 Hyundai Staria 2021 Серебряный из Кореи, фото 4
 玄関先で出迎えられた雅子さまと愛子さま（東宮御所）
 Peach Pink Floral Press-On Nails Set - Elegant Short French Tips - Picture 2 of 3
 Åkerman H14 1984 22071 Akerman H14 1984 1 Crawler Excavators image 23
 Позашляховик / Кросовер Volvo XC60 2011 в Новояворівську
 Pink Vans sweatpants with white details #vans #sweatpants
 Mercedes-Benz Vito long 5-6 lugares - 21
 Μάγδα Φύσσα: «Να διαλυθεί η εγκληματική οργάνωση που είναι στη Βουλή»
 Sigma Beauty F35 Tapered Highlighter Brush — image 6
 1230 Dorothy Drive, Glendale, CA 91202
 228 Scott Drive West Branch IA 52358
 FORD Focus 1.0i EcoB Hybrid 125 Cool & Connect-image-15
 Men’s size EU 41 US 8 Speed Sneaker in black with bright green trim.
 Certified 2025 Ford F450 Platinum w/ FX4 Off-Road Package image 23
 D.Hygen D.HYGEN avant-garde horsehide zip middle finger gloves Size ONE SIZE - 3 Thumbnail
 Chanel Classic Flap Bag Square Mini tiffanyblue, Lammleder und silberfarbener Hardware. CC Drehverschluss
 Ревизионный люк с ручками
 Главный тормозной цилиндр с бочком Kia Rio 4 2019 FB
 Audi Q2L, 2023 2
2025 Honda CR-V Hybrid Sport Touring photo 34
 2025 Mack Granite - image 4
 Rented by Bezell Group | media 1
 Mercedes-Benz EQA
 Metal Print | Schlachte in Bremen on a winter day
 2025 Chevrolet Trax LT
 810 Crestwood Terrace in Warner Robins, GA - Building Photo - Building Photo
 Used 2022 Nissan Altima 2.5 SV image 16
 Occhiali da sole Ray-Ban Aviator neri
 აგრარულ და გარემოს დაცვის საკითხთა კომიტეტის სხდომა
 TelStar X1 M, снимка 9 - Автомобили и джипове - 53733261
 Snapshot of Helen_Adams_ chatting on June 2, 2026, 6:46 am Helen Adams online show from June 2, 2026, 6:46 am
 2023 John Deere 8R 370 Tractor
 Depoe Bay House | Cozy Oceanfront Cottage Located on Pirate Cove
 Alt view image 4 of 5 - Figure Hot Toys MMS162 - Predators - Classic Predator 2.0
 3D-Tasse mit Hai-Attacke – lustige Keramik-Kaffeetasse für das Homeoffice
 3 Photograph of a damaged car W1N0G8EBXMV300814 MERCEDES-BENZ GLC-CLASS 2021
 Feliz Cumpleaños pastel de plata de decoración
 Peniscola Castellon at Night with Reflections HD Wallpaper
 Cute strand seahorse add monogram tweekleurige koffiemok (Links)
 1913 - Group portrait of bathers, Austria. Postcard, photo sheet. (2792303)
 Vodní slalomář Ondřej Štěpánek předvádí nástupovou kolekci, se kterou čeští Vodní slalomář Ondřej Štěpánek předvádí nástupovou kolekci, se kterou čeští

Task details: Note every line in the material with "Group" and copy it.

Solution for this exercise:
 Rented by Bezell Group | media 1
 1913 - Group portrait of bathers, Austria. Postcard, photo sheet. (2792303)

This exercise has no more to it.